Né à Londres en 1860 et mort à Venise en 1913, Frederick William Rolfe est un artiste anglais homosexuel original, tour à tour écrivain, photographe, peintre et dessinateur qui se faisait appeler le Baron Corvo. Il incarne par son caractère fantasque et ses excentricités un personnage attachant à la préciosité rebelle et paranoïaque en opposition à l’austérité de la période victorienne en Angleterre. Il tombe amoureux de Venise et Pratt apprécie “ses extravagances”et ses romans comme Le désir et la poursuite du tout dont il s’inspire. Mis en scène dans les aventures de Corto Maltese, le baron Corvo serait un ami défunt du célèbre marin à l’origine de deux de ses aventures.

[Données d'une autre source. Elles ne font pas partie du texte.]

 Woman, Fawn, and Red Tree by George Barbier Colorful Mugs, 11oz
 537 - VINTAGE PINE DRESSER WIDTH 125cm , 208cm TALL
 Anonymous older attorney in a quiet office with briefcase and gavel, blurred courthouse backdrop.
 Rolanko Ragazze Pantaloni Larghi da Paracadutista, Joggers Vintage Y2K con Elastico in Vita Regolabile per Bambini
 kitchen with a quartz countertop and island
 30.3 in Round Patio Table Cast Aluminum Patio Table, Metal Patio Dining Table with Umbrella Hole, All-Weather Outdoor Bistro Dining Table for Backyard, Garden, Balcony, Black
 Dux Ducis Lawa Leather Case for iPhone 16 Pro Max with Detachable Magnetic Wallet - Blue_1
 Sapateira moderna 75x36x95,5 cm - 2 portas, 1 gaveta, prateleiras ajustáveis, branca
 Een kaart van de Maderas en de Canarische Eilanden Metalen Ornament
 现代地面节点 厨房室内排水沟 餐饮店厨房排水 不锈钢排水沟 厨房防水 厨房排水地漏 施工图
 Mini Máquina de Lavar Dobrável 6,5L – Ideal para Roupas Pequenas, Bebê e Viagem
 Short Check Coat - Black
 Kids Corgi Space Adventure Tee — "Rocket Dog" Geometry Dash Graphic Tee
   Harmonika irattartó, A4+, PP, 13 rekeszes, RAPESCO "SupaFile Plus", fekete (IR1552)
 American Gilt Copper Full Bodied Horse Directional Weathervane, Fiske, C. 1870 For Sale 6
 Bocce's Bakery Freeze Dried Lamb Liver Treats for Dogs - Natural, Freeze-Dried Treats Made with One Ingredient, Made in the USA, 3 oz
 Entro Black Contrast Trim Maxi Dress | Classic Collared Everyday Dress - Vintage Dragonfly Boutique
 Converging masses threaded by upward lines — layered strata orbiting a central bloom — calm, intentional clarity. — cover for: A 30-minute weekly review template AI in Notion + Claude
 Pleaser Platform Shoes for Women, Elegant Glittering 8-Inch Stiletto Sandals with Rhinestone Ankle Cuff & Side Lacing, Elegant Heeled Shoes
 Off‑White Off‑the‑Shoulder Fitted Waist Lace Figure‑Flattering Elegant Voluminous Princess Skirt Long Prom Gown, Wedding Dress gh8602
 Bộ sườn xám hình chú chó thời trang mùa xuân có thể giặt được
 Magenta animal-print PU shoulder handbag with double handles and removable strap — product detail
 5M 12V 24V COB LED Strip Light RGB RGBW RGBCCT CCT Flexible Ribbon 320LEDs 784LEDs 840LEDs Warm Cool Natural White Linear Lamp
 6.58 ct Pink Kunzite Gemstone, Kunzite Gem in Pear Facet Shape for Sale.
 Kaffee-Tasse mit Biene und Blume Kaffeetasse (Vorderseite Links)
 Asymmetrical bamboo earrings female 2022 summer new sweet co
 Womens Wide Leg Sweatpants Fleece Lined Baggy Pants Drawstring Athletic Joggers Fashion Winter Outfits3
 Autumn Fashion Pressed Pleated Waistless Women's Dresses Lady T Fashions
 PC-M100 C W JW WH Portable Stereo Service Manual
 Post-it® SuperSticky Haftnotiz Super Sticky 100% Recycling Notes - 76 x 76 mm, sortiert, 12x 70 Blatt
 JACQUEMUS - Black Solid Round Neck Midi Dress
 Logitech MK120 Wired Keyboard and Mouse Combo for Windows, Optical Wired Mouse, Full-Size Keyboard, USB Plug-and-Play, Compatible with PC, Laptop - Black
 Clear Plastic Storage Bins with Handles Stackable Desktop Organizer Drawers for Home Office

L’énigme de Fable de Venise, “le lion grec perd sa peau de serpent septentrional entre les brumes de Venise” lance Corto à la recherche de l’émeraude magique, “la clavicule de Salomon”. Les notes du baron invitent ensuite Corto sur les traces du trésor perse de Cyrus II, dans La Maison dorée de Samarcande. Dans la préface de Fable de Venise, Hugo Pratt montre la pseudo appartenance du baron Corvo à la Golden Dawn, l’ordre Hermétique de l’Aube dorée créé à Londres en 1888 qui a réellement existé et qui constitue un mythe par sa complexité et son opacité mystérieuses. Il apparait clairement que Corvo n’a jamais fait partie de la Golden Dawn. Pratt, friand de symboles et tisseur d’histoires montre son extravagante capacité à jongler avec le vrai et le faux pour forger ses univers.